The house was kept secret by the trees growing in its garden, horse-chestnuts and sycamores, too-big trees Guy believed would one day destroy the foundations so that the house would fall in on itself, becoming nothing but a pile of bricks and timbers.

He hadn't thought of taking Hope to the house, not until he saw her and her shyness had made him feel so unexpectedly angry. All at once he couldn't be bothered with going to the cinema, with the crowds of people, the shuffling, infuriating queues for tickets, for ice cream – she would expect ice cream, he was sure. He especially couldn't be bothered with having to sit still watching a film about the war. The war was too close, there all the time in his house where it hung about his father like a bad smell, hanging about Ava, too, of course. He was sure Ava lived in 1945 in her head, an explanation for her sadness, and her preoccupation with the bloody dolls.

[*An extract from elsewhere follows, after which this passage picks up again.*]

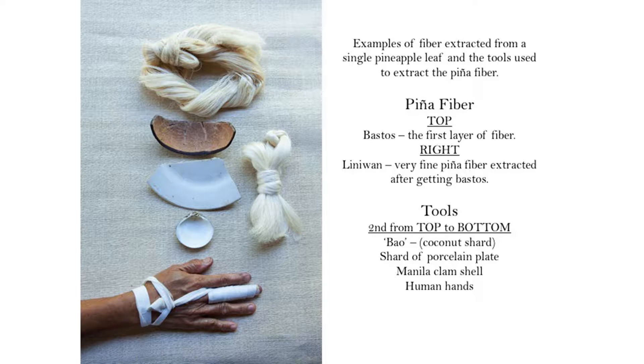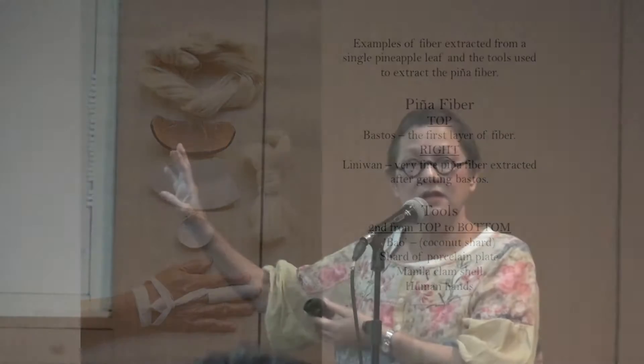Here is an example of the fiber extracted from the pineapple. On top you see the knotted piece of fiber, then you see the coconut, then the porcelain, the Manila clam, and a clean knotted fiber, and a hand — I forgot to put a foot — because those are all that you use to make piña.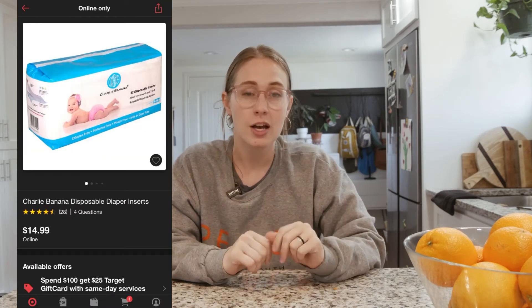You also need the inserts. I prefer the Flip brand, but those are kind of hard to find now. I think those are the most earth-friendly, but I also really like the Charlie Banana brand. They're climate neutral and have all kinds of sustainability initiatives.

The war was the last thing he wanted to watch; to waste his precious time with Hope in such a way had suddenly seemed unthinkable.

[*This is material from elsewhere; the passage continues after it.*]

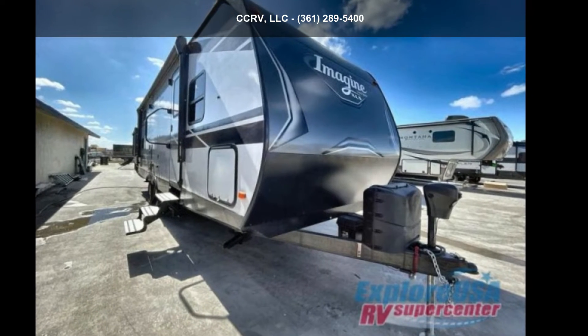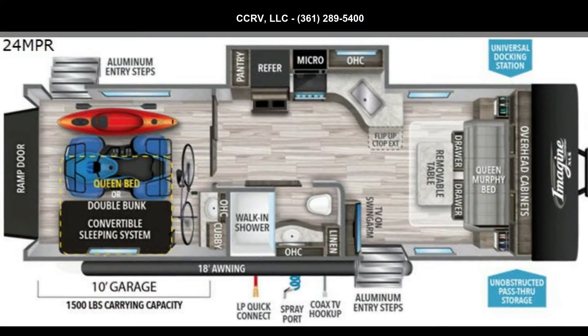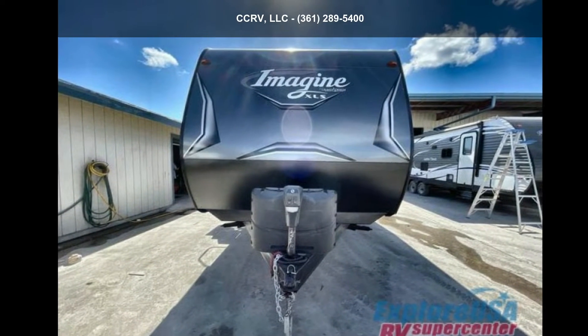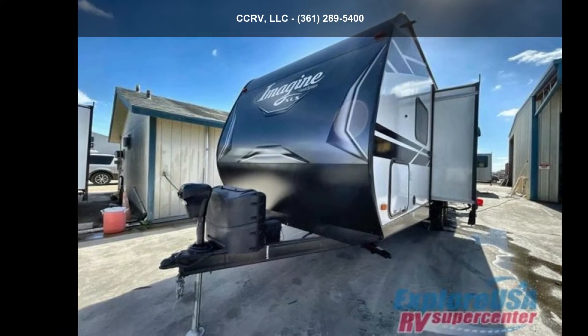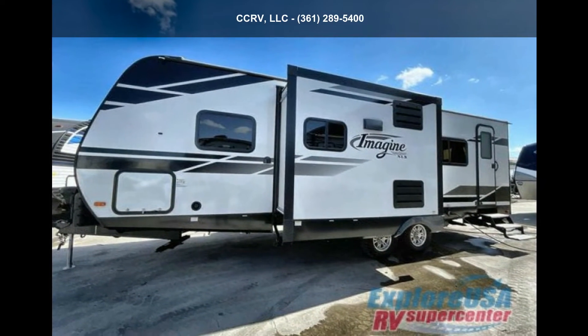Travel in style with this Grand Design 2021 Imagine XLS 24MPR. Toy haulers combine lightweight design with payload capacities to handle your toy hauling needs. This is a great option for those looking for an RV with quality construction and ease of towing.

Outside the house, he said, ‘This is it.' Feeling it would be easier to lie, he said, ‘It belongs to my father, he just hasn't got round to selling it.' He pushed open the creaking gate and took her hand. ‘We have to go round the back.'

He took the key from the new hiding place he had found for it beneath the kitchen's rotting windowsill, unlocked the door and picked up the torch he left just inside on the abandoned table, knowing it would be dark soon and that anyway the soft evening light would hardly penetrate the grimy windows. He turned to Hope. ‘I've made a kind of den,' he said, and felt childish suddenly. Quickly he added, ‘There's somewhere to sit, anyway.'

She smiled at him uncertainly. ‘No one lives here?'

‘Only the ghosts.' He took her hand again and squeezed it. ‘Don't be scared. They've been dead so long they've forgotten they're supposed to be frightening.'

He had brought cushions from home and an old rug, laying them out in front of the fireplace where he had placed half a dozen candles. The candles stood securely in puddles of melted wax and Guy took out his matches and lit them, filling the room with shadows. Sitting down on the rug he held out his hand to her. ‘It won't dirty your dress,' he said. ‘The carpet's clean – from home.'

She sat down, a little way from him. ‘You just took it? Won't your mother notice it's gone?'

He gazed at her, thinking how little she knew about him, how much he would have to tell her; or not tell her. He supposed he could go on lying, invent a whole family for himself; like his lie about the house, it might be easier than explaining the truth. Much easier, in fact. The truth sounded like a lie, so implausible, so preposterous – it set him apart from normal people like Hope. Then he remembered that Hope's mother had been killed, that her death had been the kind of tragedy people talked about, just as they talked about his family. He remembered the strange man who had collected her from Irene's party, someone she was so quick to disown, and thought that perhaps Hope wasn't as normal as she looked.